A sample Scrapy project with pagination, item loader, pipelines...

Primary LanguagePython

bookscraper

This is a Scrapy project to scrape information about books at http://books.toscrape.com/

This project is only meant for educational purposes.

Extracted data

This project extracts all data including title, price, product type etc...
A sample item:


{
    'title': 'A Light in the Attic',
    'upc': '£51.77',
    'product_type': 'Books',
    'price': '£51.77',
    'tax': '£0.00',
    'stock': 'In stock (22 available)',
    'reviews': '0',
    'rating': '3'
}

Spiders

This project contains two spiders: bookscraper-css and bookscraper-xpath. Both work the same way the first one is implemented with Css selectors the other one is implemented with xpath.

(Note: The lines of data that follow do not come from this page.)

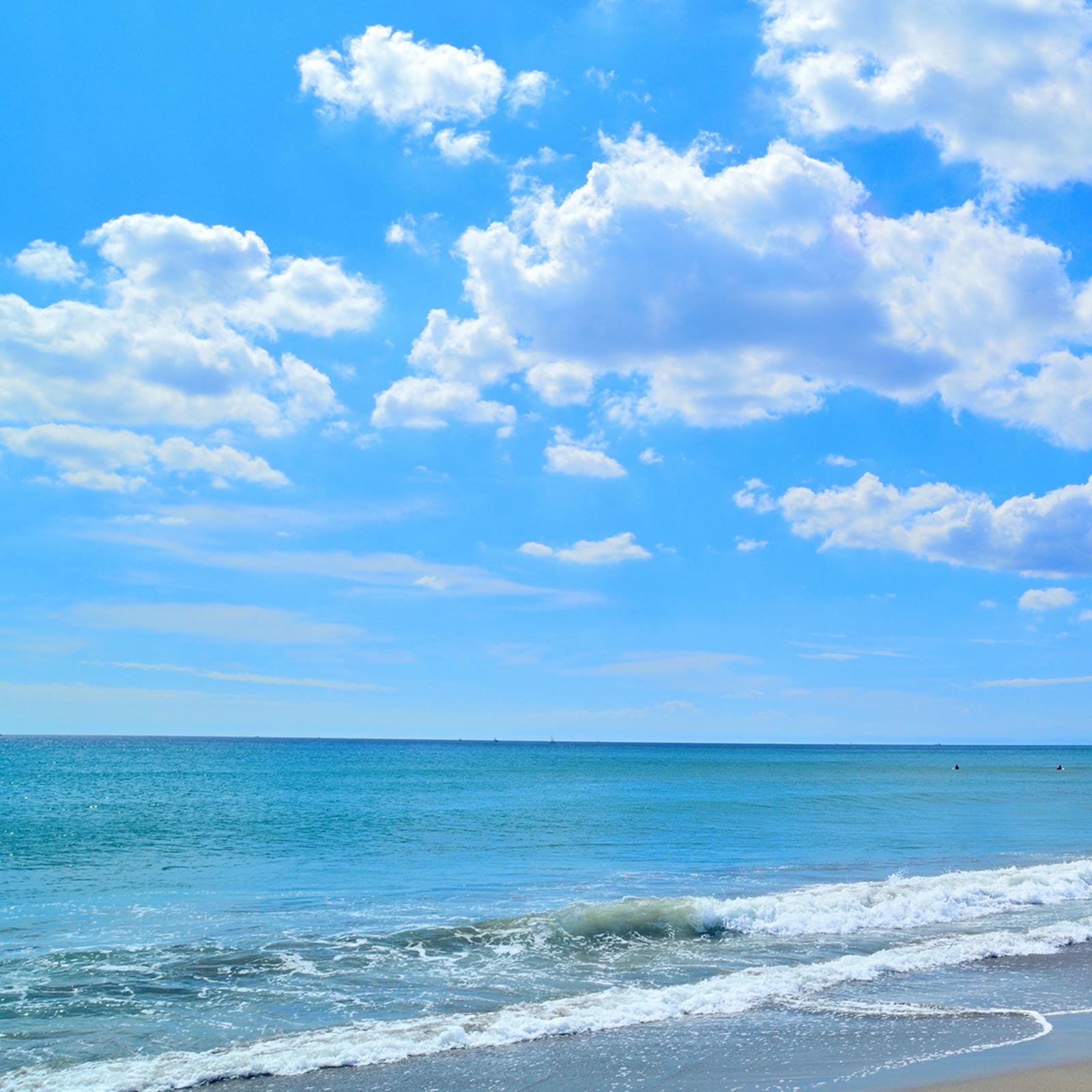 見松寺の想いと景観 - 宗教法人見松寺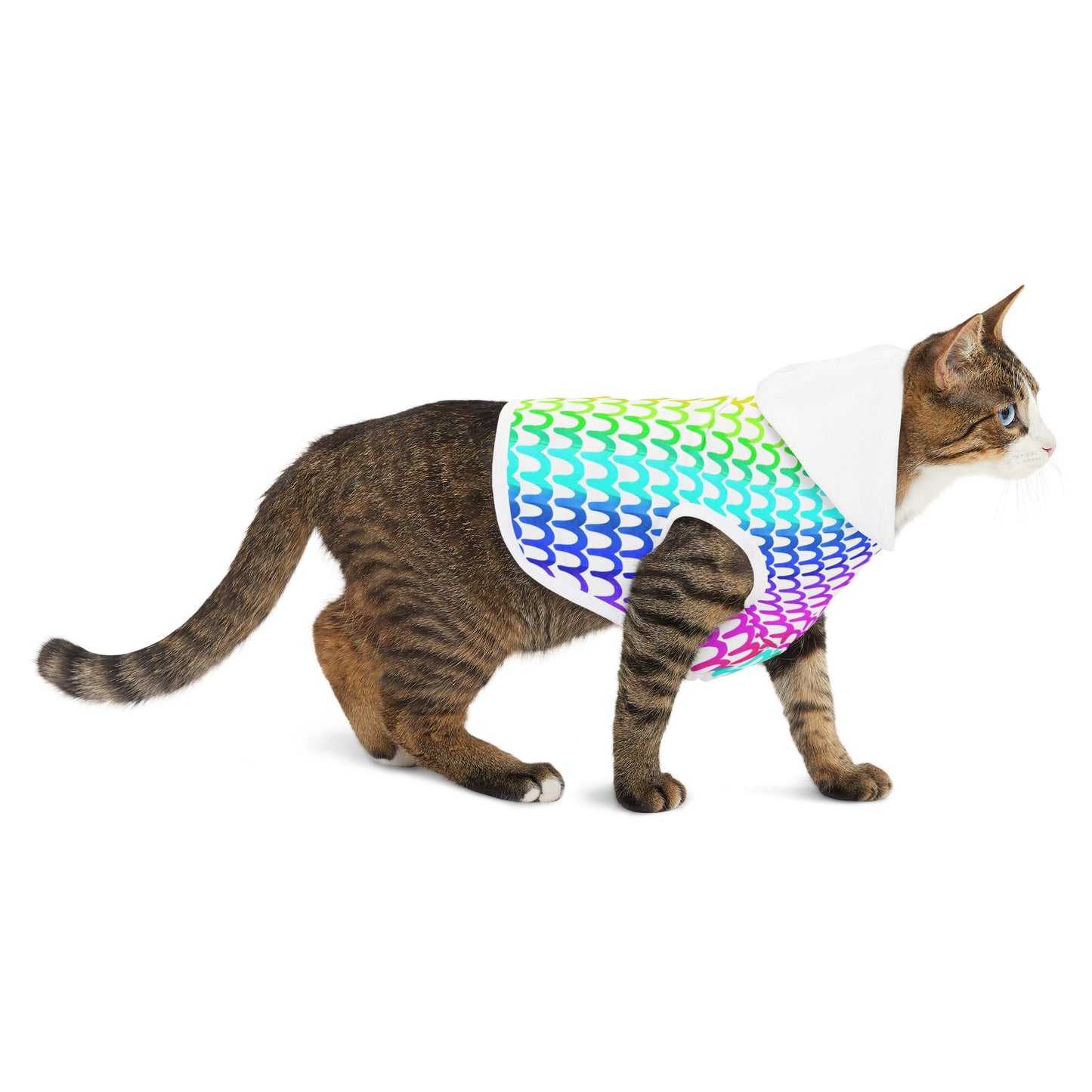 Rainbow Waves Pet Hoodie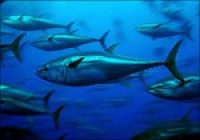 Research looks at how omega-3 can spur sustainable aquaculture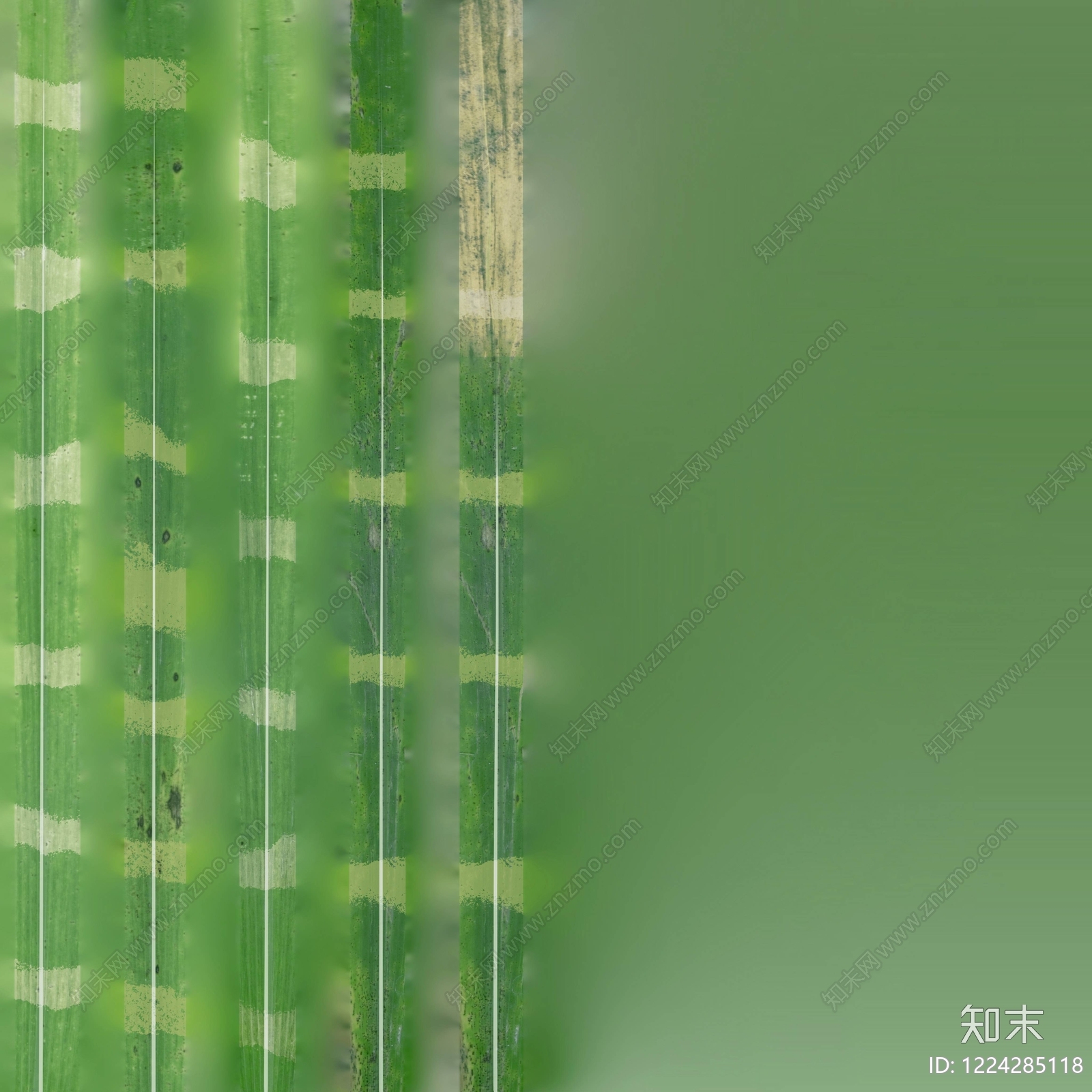 竹节纹理高清贴图材质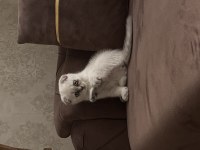 2 aylık dişi Scottish fold yeni yuvasını arıyor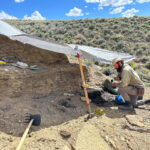 Cincy Museum fossil collection grows after summer field season dig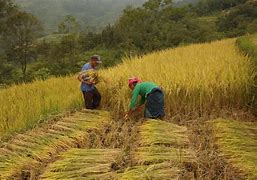 Nông Nghiệp Xanh Tiền Giang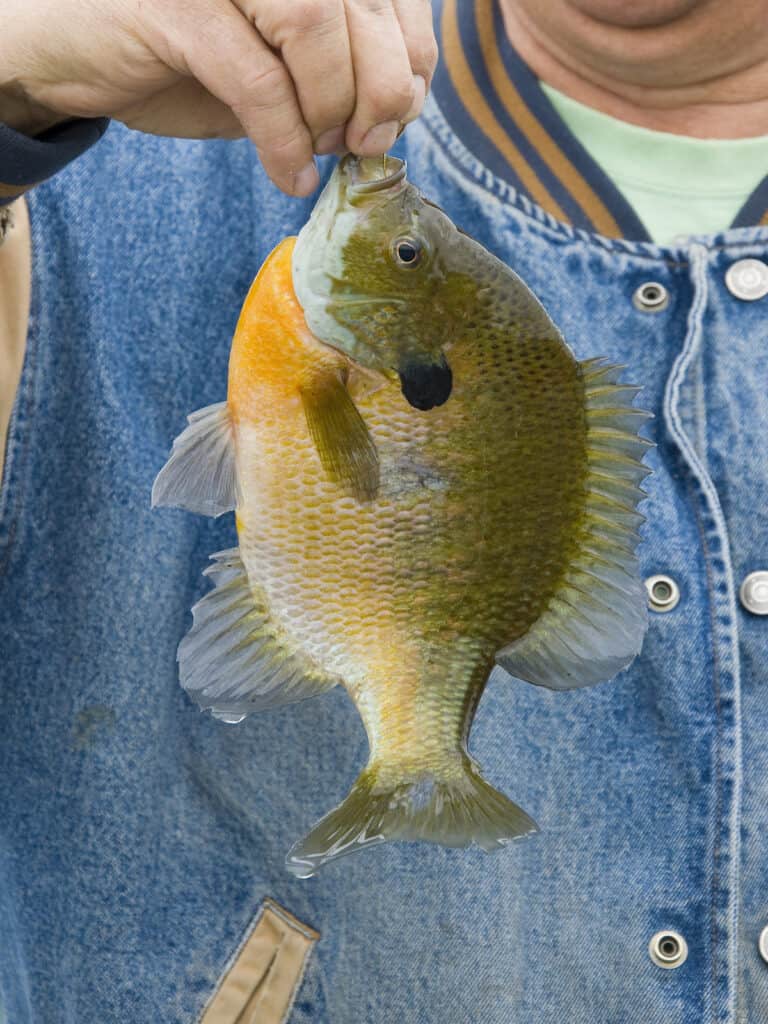 Closeup of an angler holding a bluegill up in front of his shirt. 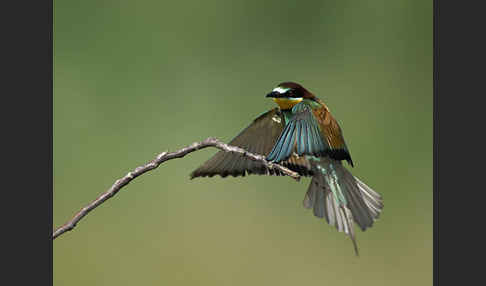 Bienenfresser (Merops apiaster)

You can learn more about web scraping with Scrapy by going through the original Scrapy Tutorial or Scrapy Tutorial Series on ScrapingAuthority.com.

Pipelines

This project contains four pipelines. One processes the "rating" field. The second one filters out books that have a stock number of more than five. The other two pipelines are meant to show you how to create json and csv files from the scraped data. You can disable pipelines in settings.py.

Running the spiders

You can run a spider using the scrapy crawl command:


$ scrapy crawl bookscraper-css
$ scrapy crawl bookscraper-xpath